■ Given entries
[Start of section]

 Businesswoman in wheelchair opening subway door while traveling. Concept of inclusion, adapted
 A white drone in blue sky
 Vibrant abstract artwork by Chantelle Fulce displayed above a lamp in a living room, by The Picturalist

[End of section]
[Start of section]

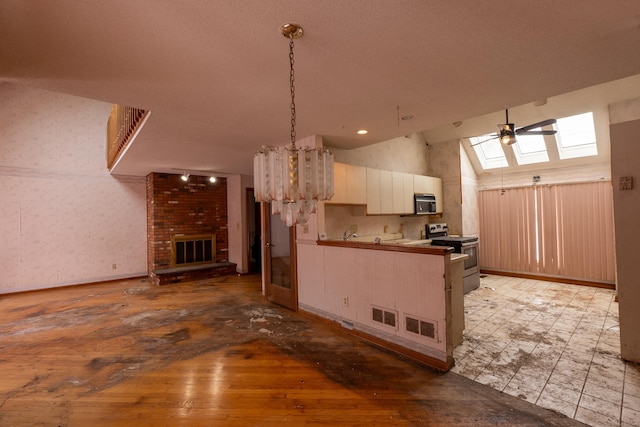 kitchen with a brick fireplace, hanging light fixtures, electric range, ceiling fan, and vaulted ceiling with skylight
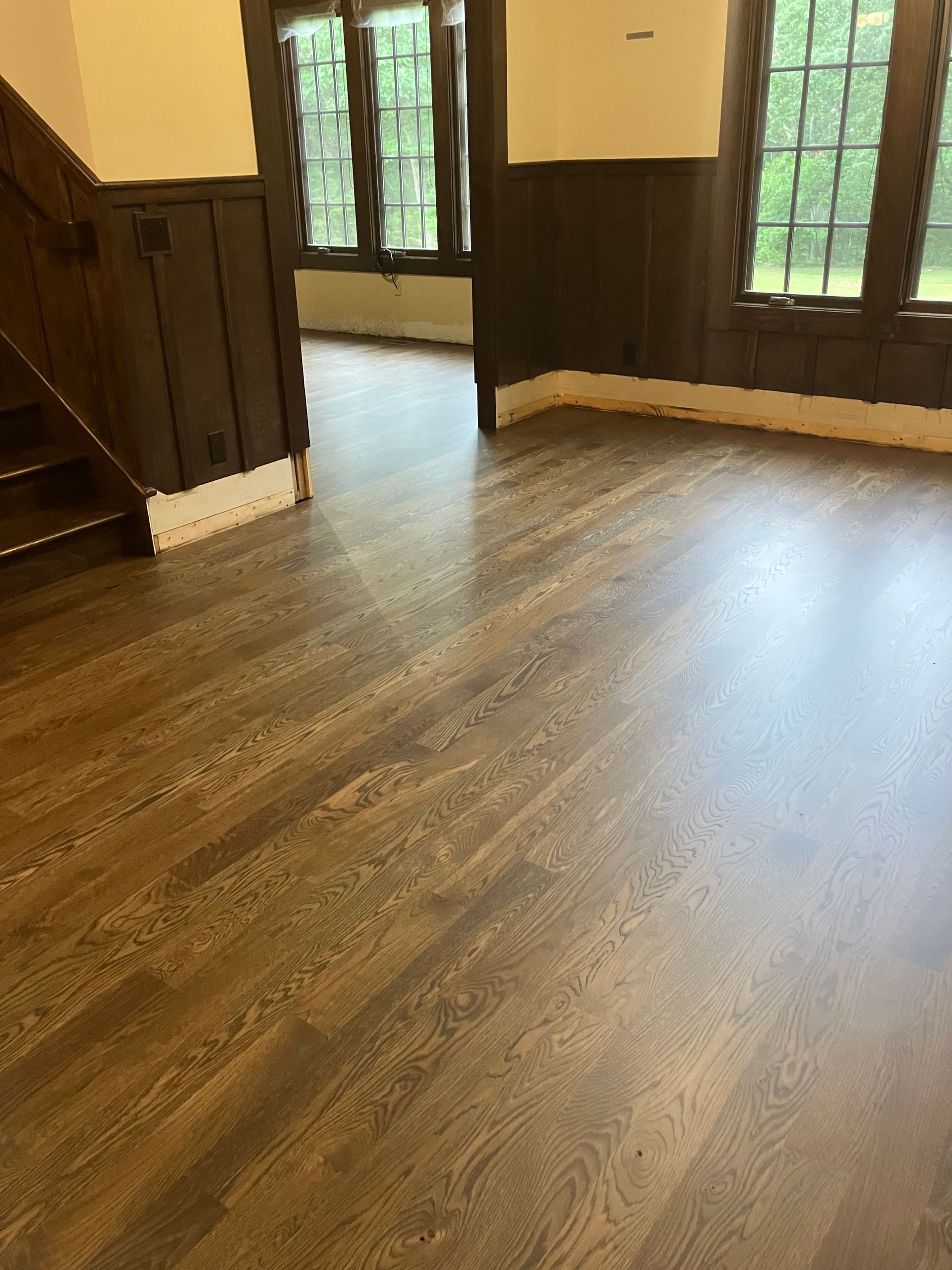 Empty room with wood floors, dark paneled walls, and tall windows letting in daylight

[End of section]
[Start of section]

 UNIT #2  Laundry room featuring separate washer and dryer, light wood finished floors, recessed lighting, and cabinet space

[End of section]

■ Task statement
Only the lines above from the one with "Businesswoman in wheelchair" up to and including the one with "Vibrant abstract artwork" should be repeated, exactly as written.

■ Result of the exercise
 Businesswoman in wheelchair opening subway door while traveling. Concept of inclusion, adapted
 A white drone in blue sky
 Vibrant abstract artwork by Chantelle Fulce displayed above a lamp in a living room, by The Picturalist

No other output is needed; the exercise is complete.